Tolerance in the common language
When there’s a target, and you have a tolerance for it, it usually means that the goal is to reach that target, and deviations within the tolerance level would be… tolerated! The deviation is OK.
If you have many deviations within the tolerance, you would be warned, because it’s an early warning that future values might get outside the tolerance. However, you usually accept the outputs within the tolerance.
Tolerance in PRINCE2
We have targets and tolerances in PRINCE2 as well. However, we should always meet the targets and no deviation is accepted (unless otherwise mentioned in the setup). PRINCE2 tolerances are only used to show who should decide on the corrective action.
Let’s take a stage as an example. It’s planned to be done in 3 months ± 2 weeks, with €80k ± €15k.
We’re in the second week of the stage, and our forecast for the completion date is 3 months + 4 days. In this case, the Project Manager should immediately think of a solution, and implement it. If the forecast is 3 months + 3 weeks, it would be outside the tolerance level and therefore the Project Board should decide on how to fix the problem instead of the Project Manager; the issue is escalated.

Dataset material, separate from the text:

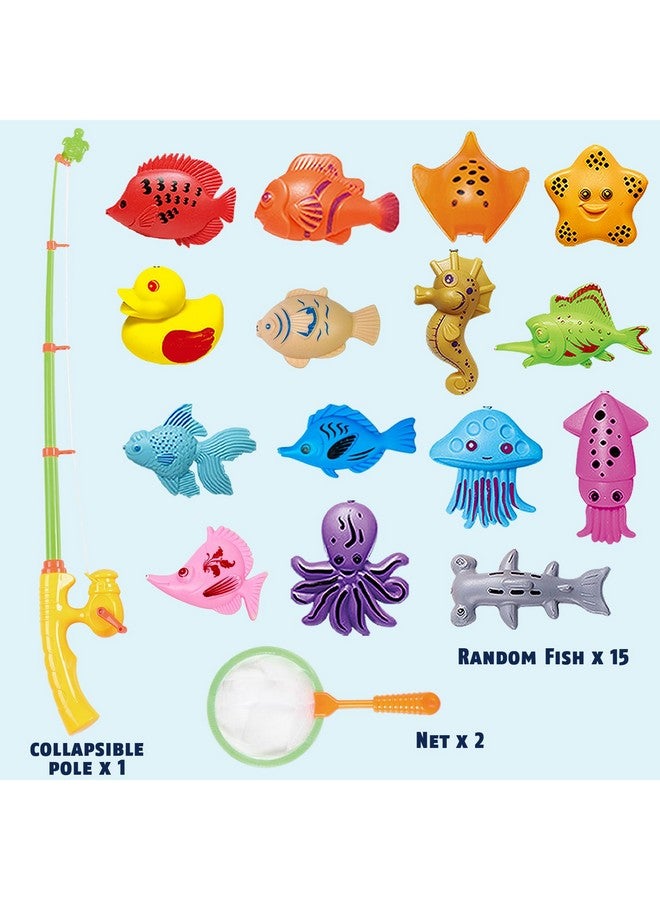 ™ Kids Fishing Bath Toys Game - 17Pcs Magnetic Floating Toy Magnet Pole Rod Net, Plastic Floating Fish - Toddler Education Teaching And Learning Colors (New)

The same happens in other levels; for example, between the Project Manager and a Team Manager, based on the tolerances defined for the Work Package.
A PRINCE2 tolerance doesn’t say that it’s OK to have certain deviations; it’s only about “Manage by Exception”.
Setting the Tolerances
Based on this, setting the tolerances is a management decision based on the project environment. If you set a 50% tolerance, you’re delegating a lot of authority to the lower level, while if you set a 1% tolerance, you’re not letting the lower level manager decide much.
Zero Tolerance in PRINCE2
If you set a zero tolerance on a target, it means that all decisions about the target’s deviations would be done by the higher manager. In case of a stage, if you set a zero tolerance for time, it means that if you forecast even 1 day of delay, the issue should be escalated to the Project Board, and in fact, the Project Manager won’t be able to make any corrective decisions about time.
If you set the stage time tolerance to zero, it’s normal to have zero tolerance for everything underlying the stage, including the Work Packages. In that case, the Team Managers won’t be able to make any corrective actions as well. For example, if you, as a Team Manager, forecast a few hours of delay, you should escalate it to the Project Manager, and the Project Manager should also escalate it to the Project Board. There would be an “exception” for only a few hours of forecasted delay, lots of overhead, and at the end, a failing project.
A common problem is to mistake fixing targets with setting zero tolerances. Zero Tolerance in PRINCE2 only means that you like to have extreme micro-management in your Project Board. It doesn’t have anything to do with fixing the targets. The targets are fixed by default.
That’s the common (or sometimes engineering) usage of “tolerance” when you set it to zero, and by that, mean that no deviation is accepted; that’s not PRINCE.